Précisons toutefois qu'étudier la pensée
coloniale de Malouet soulève une question quant à la
méthodologie et détermine la grille de lecture que nous adoptons.
Généralement, l'historiographie retient de ce personnage la
pensée qu'il développe dans ses écrits,
c'est-à-dire principalement celle qui est la sienne à partir des
années 1780-1790, et présente ses idées comme
affirmées, achevées et globales. Or, rappelons que les ouvrages
qu'il rédige entre 1801 et 1808 livrent un regard a posteriori
sur la période qui nous intéresse, car ils desservent des
objectifs personnels. En réalité, la lecture des archives d'une
part, et de ses différents écrits d'autre part, permet de nuancer
largement l'idée selon laquelle Malouet aurait très vite et
très tôt eu une vision pleine et entière du problème
colonial, et par conséquent des solutions à apporter ; d'autre
part nous pouvons distinguer deux phases dans la construction de sa
pensée : une première phase d'élaboration jusqu'à
la fin des années 1770, ensuite une seconde phase d'affirmation vers le
milieu des années 1780. L'analyse qu'en livre Michele
Duchet247, qui distingue également une évolution en ce
sens, nous permet de structurer notre hypothèse.
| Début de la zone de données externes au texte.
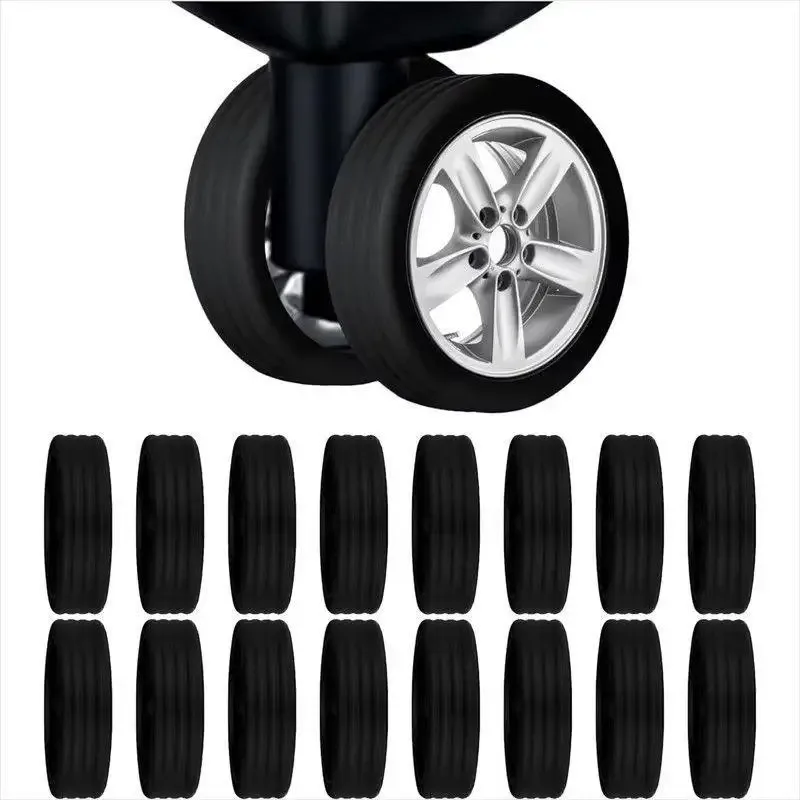 homefish housse de protection en silicone pour roues de valise, protège-roues silencieux pour chariot, accessoires de valise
Dès lors, notre
analyse consiste ici à montrer l'évolution de sa pensée,
préalable nécessaire à l'étude du projet qu'il
élabore pour la Guyane.
247 Michèle DUCHET, Anthropologie et histoire au
siècle des lumières, op. cit. ; Michèle
DUCHET, « Malouet et le problème de l'esclavage », op.
cit.
63
2.1 De l'utilité des colonies
Malouet s'affiche tout au long de sa carrière comme un
fervent défenseur de la colonisation française aux Antilles. On
retrouve l'essentiel de sa pensée dans la longue introduction du
quatrième volume de sa Collection de mémoires sur les
colonies248. « Les colonies, écrit-il, [...]
étant instituées au profit de la métropole,
protégées par ses armes, alimentées par son commerce, ne
peuvent être soustraites à sa dépendance249.
» En admirateur de Colbert, dont il étudie la correspondance quand
il est en poste à Rochefort entre 1764 et 1767250, il
adhère longtemps et pleinement aux conceptions mercantilistes du
tout-puissant ministre de Louis XIV, largement développées au
XVIIIe siècle. La volonté de soutenir et de consolider la
colonisation française dans les Antilles, tant sur le plan politique
qu'économique, repose en effet sur l'idée que les territoires
outre-mers conquis par la métropole doivent profiter à ses
intérêts. On invoque notamment la complémentarité
des relations commerciales et de l'impact positif sur le rayonnement politique
du royaume en Europe. Chez la plupart des mercantilistes, l'excédent de
la balance commerciale est un indicateur significatif de la bonne santé
d'une économie. Dans cette optique, le commerce colonial est
perçu comme un des moyens les plus efficaces d'enrichir la nation,
idée que l'on retrouve développée chez des auteurs comme
Melon, Gournay ou Forbonnais par exemple251.